But when a big local issue comes along, interest can arise in a town or region to an extent unthinkable for anything but the most divisive of national issues. On Sunday evening, the Dunedin Town Hall was filled with over 1800 people, including myself, who came to hear six speakers explain why they opposed the building of a new sports stadium beside Otago Harbour, at a meeting sponsored by the Stop the Stadium Trust. The last time I recall the Town Hall being filled for any sort of political event was for the visit to Dunedin by the Dalai Lama in 1995. It certainly outshone the “meet the candidates” forums held in local body election year, which on a good day attract a couple of hundred at the very most.
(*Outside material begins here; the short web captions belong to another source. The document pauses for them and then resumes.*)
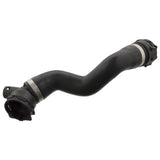 Coolant Hose - BMW/MINI by Febi 17127525022-FEB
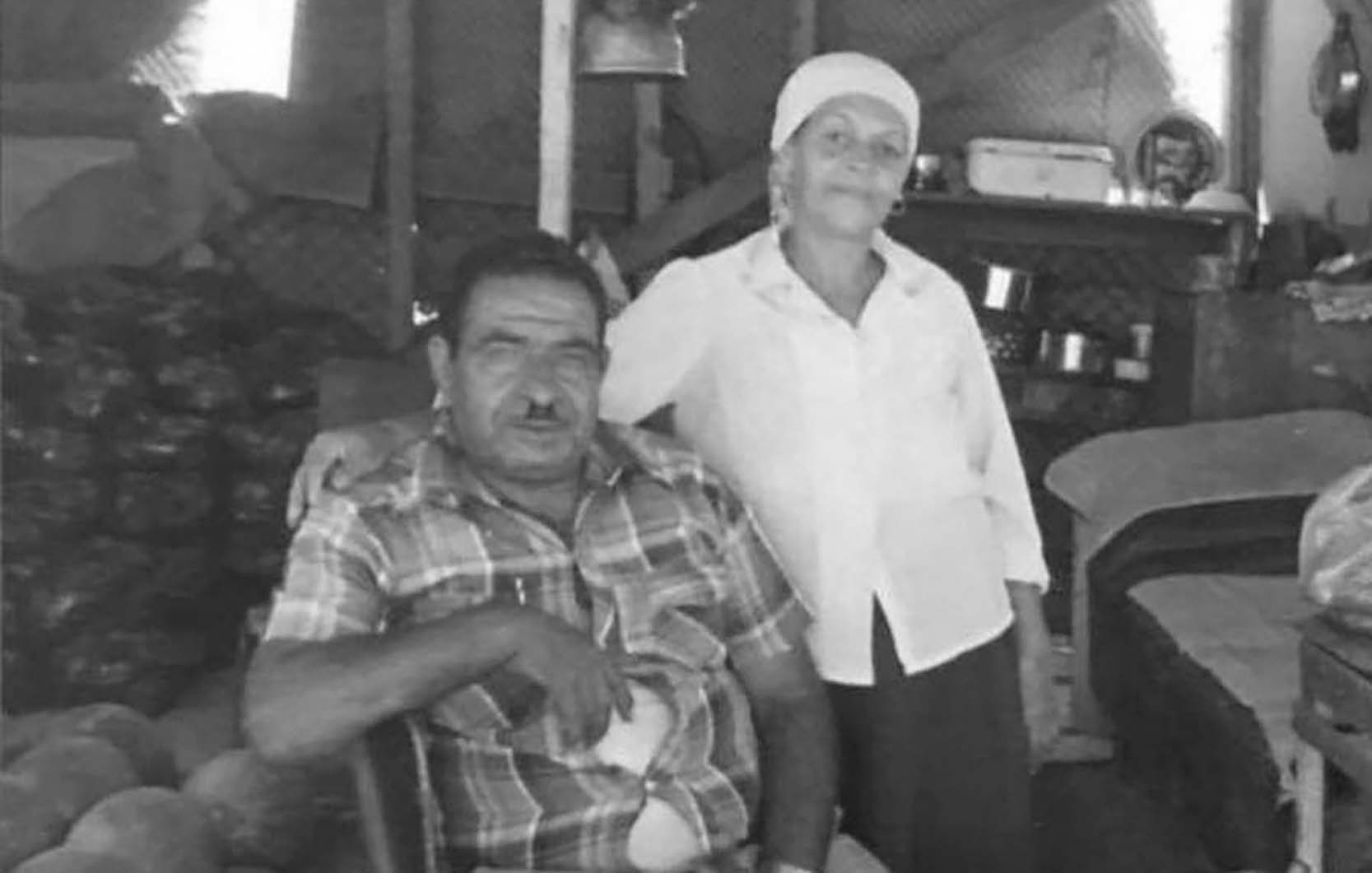 عريشة ابو علي أبو دبوس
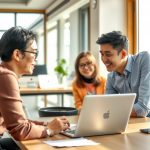 3v8YzZp0su4swVhWcXb8k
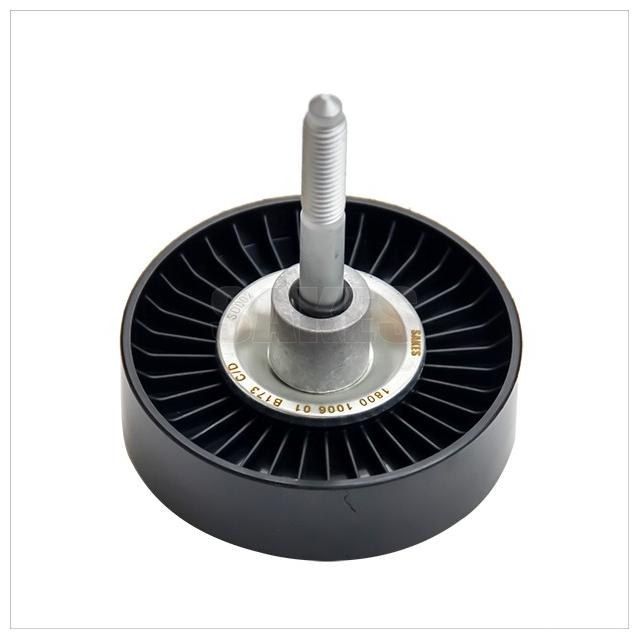 Idler Pulley:1800 1006 01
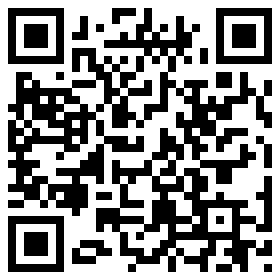 qrcode für 330000012020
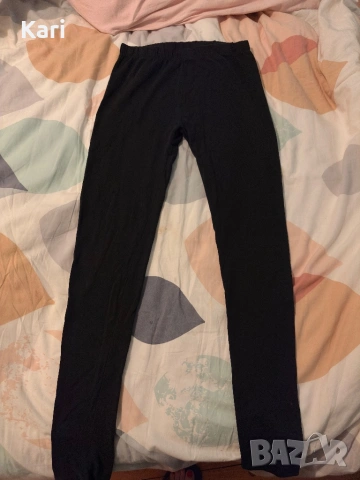 !Продавам дрехи!, снимка 11 - Други - 53048941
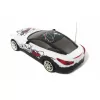 Радиоуправляемая машинка для дрифта Aston Martin 4WD масштаб 1:24 - 666-216-WHITE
What is at stake is $155m of money which is set to be collected from Otago ratepayers for the building of the new stadium. But the word “Otago” could just as well be “Auckland” (which saw off the construction of a waterfront stadium in 2006) as it could be the name of any other province in the country. $155m is perhaps not a lot of money spent nationally, but with a population base of only around 200,000 people, this is a project similar in scale to one costing a couple of billion dollars if implemented on a nationwide basis. It is a tremendous sum.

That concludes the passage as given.